How do I extract two center columns from a tab-delimited line of text?

868 views Asked by At

I need two regex regular expressions. One that will find the second block of numbers and one that will find the third block of numbers. My data is like this:

8782910291827182    04  1988    081

One code to find the 04 and other to find the 1988. I already have the expression to find the first 16 numbers and the last 3 numbers, but I am stuck in finding those 2 numbers of the second and third section.

2

There are 2 answers

0
xdazz On

Find 2 numbers:

\b\d{2}\b

Find 4 numbers:

\b\d{4}\b
0
Todd A. Jacobs On

Use Field-Splitting Instead

Based on your corpus, it seems that one should be able to rely on the existence of four fields separated by tabs or other whitespace. Splitting fields is much easier than building and testing a regex, so I'd recommend skipping the regex unless there are edge cases not included in your examples.

Consider the following Ruby examples:

# Split the string into fields.
string = '8782910291827182    04  1988    081'
fields = string.split /\s+/
#=> ["8782910291827182", "04", "1988", "081"]

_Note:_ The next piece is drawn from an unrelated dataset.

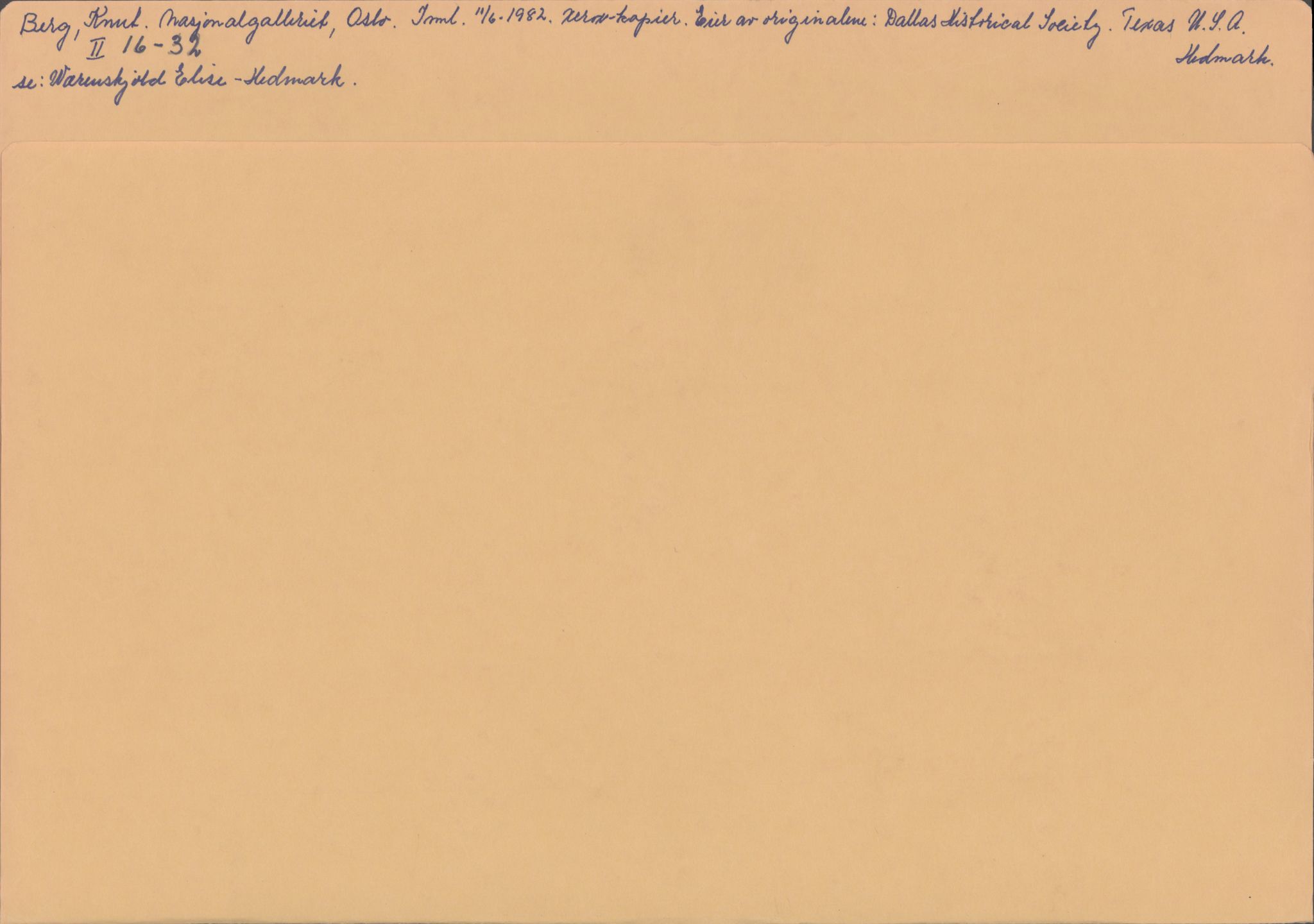 Samlinger til kildeutgivelse, Amerikabrevene, AV/RA-EA-4057/F/L0007: Innlån fra Hedmark: Berg - Furusetbrevene, 1838-1914, s. 194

# Access members of the field array.
fields.first
#=> "8782910291827182"

fields[1]
#=> "04"

fields[2]
#=> "1988"

# Unpack array elements into variables.
field1, field2, field3, field4 = fields
p field2, field3
#=> ["04", "1988"]

A regular expression will force you to spend more time on pattern matching, especially as your corpus grows more complex; string-splitting is generally simpler, and will enable to you focus more on the result set. In most cases, the end results will be functionally similar, so which one is more useful to you will depend on what you're really trying to do. It's always good to have alternative options!